By Ayana Byrd Nov 20, 2018

Beginning today, the federal government can launch deportation proceedings against survivors of domestic violence, crime or trafficking if their visa petitions have been denied.

This is a follow-up to a policy change that was announced in June. The change gave U.S. Citizenship and Immigration Services (USCIS) broader powers in issuing a Notice to Appear (NTA), a document that orders an immigrant to appear before a judge to begin deportation proceedings.

According to an update USCIS released earlier this month, people seeking protection under the Violence Against Women Act (VAWA), “could be more easily placed in deportation proceedings if their applications are denied and they do not have an underlying legal status,” reported Mother Jones yesterday (November 19).

In addition to the new policy, people who are victims of domestic violence also face dangerously long wait times in having their visa applications processed. According to the USCIS website, “As a battered spouse, child or parent, you may file an immigrant visa petition under the Immigration and Nationality Act (INA), as amended by the Violence Against Women Act (VAWA).”

Form I-360 lets survivors file a petition without the abuser’s knowledge. “This allows victims to seek both safety and independence from their abuser, who is not notified about the filing,” reads the website.

The processing time for this petition was 4.8 months in 2016. It is now 16 to 20.5 months, according to USCIS. Suzanne Tomatore, an attorney at the New York City Bar Justice Center’s Immigrant Justice Project, told that this timeline is “insane.”

The news site follows one woman’s story to show what can happen as a result of extended processing times:


When Mayela Sanchez Miles finally fled her abusive marriage toward the end of 2016, she pinned all her hopes on filing for a green card through the Violence Against Women Act.
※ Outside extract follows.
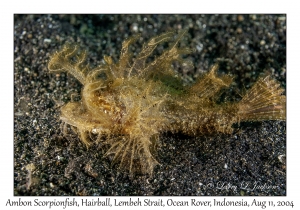 Ambon Scorpionfish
But she had to wait over 16 months for her paperwork to process. Unable to work legally, she was trapped in a sort of immigration limbo dependent on friends and her local Houston church.


“It was so hard,” said Miles, swallowing tears. “Breaking from him, standing alone with my pain, my trauma, my four children, not able to work. I thought we would be on the street.”

According to, 11,326 VAWA I-360 petitions were received in the 2017 fiscal year. About a third were approved, while approximately 18 percent were denied. “A whopping 13,195 petitions, or about 116 percent of those received in the entire year, were pending,” the site reports.

USCIS says that if a petition is denied, the survivor will receive “adequate notice” through a letter and will not face immediate deportation. An agency spokesperson told Mother Jones that all filers have the opportunity to appeal the decision.

“In effect, USCIS could throw survivors of domestic violence and human trafficking into deportation proceedings for the very act of seeking protection from their abusers and captors,” Jason Boyd, policy counsel at the American Immigration Lawyers Association, told Mother Jones. “It’s a morally reprehensible policy. Without question, this policy will deter survivors of human trafficking, domestic abuse, sexual assault and other horrific crimes from coming forward.”